艦内は航海微速に切り替えられ、照明も夜間周期の薄暗い減光モードに落とされていたが、ブリッジに漂う空気は異質な緊張感に満ちていた。
索敵コンソールに向かう士官が、目まぐるしく変化するセンサーの波形に視線を落とし、淡々と情報を整理して音声を上げる。
「目標宙域まで残り三分」
「広域レーダー、周囲デブリ群に反応なし。慣性航行を継続中」
「……それにしても、相変わらずノイズが酷いですな。ミノフスキー粒子……ではありませんが」
傍らに立つデトローフが、コンソールの表示を見つめながら自嘲気味に苦笑した。
「この世界ではニュートロンジャマーだったか」
シーマは煙草をくわえたまま肩をすくめた。
「ハッ、名前が違うだけで索敵泣かせなのは同じさね。目隠しされた状態で宇宙を泳ぐなんざ、海賊時代から嫌というほど味わってきたさ」
艦橋に小さな笑いが漏れる。
しかし、それも長くは続かなかった。
「艦長!」
索敵士官が声を張り上げる。
「高エネルギー反応! 距離八千! 熱源および光学センサーに多数の反応を感知!」
「モビルスーツ戦です! スラスター光多数!」
空気が一瞬で緊張に跳ね跳ぶ。
シーマは即座に立ち上がった。
「映像を寄せな。何が起きてる」
「はっ、光学映像拡大します!」
メインスクリーンへ映し出された宇宙。そこでは一機の白いモビルスーツが、小型の救命ポッドを守るように曳航していた。
「……民間機じゃないねぇ」
シーマが細めた目で機体を観察する。
細身の白い装甲、背部スラスター、そして手にしたライフル。どれも、この世界で見たジンとはまるで違う。
「新型か」
ベッカーが興味深そうに呟く。
その瞬間、警報が甲高く鳴り響いた。
「新たな熱源感知! 敵機、増援を展開! 白い機体を取り囲むように包囲網を形成中!」
次々と赤い光点がスクリーンへ現れる。白い機体を取り囲むように展開する機影。
「ザフト機です! 識別応答、IFF反応なし! 解析を開始します!」
オペレーターの指先が鍵盤の上を爆発的な速度で滑る。
「未確認機四!ザフト機ではありません!……それに指揮官機のシグー……!」
シーマが眉を動かした。
「未確認機?」
映像が拡大される。
青、緑、黒、赤。四機の見慣れぬ機体が、ザフト部隊と共に白い機体を追っていた。
デトローフが低く呟く。
「……見たところ、単なる鹵獲機や現地改修機ではありませんな。あの四機、ザフトのジンやシグーとは根本的なフレームが異なっている」
「いや」
シーマは静かに首を振る。
「あれは違う」
その動き、推力、武装。どれもザフトの機体とは設計思想が根本から異なっていた。
「面白い連中がいるじゃないか。ザフトの正規軍の中に、あんな怪しげな機体が混じって暴れ回ってるとはねぇ」
白い機体は、救命ポッドを庇うように自らの装甲で牽制砲火を受け止めながら、必死にこの包囲網の突破口を探し求め、スラスターを限界まで防ぎ続けていた。だが、多勢に無勢であることは誰の目にも明らかだった。このままでは数分ともたずに撃沈されるだろう。

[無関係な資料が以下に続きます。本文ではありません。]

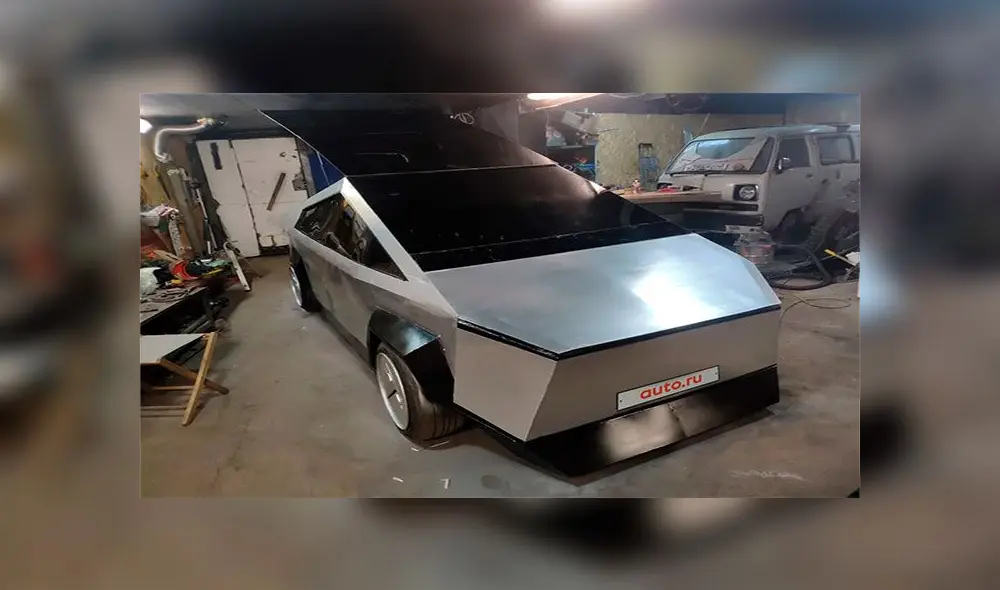 La misma 'réplica' que se hizo viral en redes sociales está disponible en internet. Foto: Auto.ru La misma 'réplica' que se hizo viral en redes sociales está disponible en internet. Foto: Auto.ru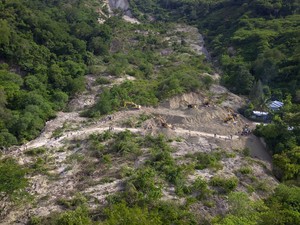 Viral Gunung Bergeser Kupang Jadi Wisata Dadakan, Warga Raup Cuan Jutaan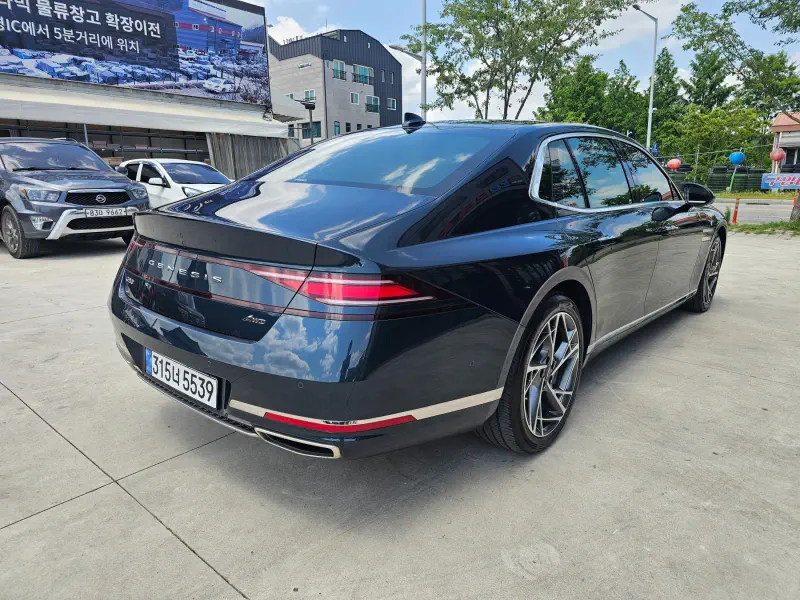 Genesis G90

その凄惨な戦闘を見つめながら、シーマは煙草を灰皿へ深く押し付けた。
紫煙が消え失せると同時に、シーマの瞳に野獣のような鋭い光が宿る。
「さて」
シーマの口元が、獰猛で不敵な笑みへと歪んだ。
「クライン派が金と権力を積んでまで助けたがってる『歌姫』ってのは……あの大層なポッドの中にいるらしいねぇ」
艦橋に静かな熱量と緊張が走る。
シーマはゆっくりと指揮席へ腰を下ろした。
「これより本艦は救援介入行動に入る!MS隊、発進準備」
「対空砲火、各座火器コントロールを自動追尾から手動へ切り替え!」
ブリッジのオペレーターたちが一斉に叫び、艦内各所に赤色の戦闘警報が鳴り響く。
リリー・マルレーンのカタパルトでは、真紅のガーベラ・テトラと三機のゲルググMが、静かに起動を始めていた。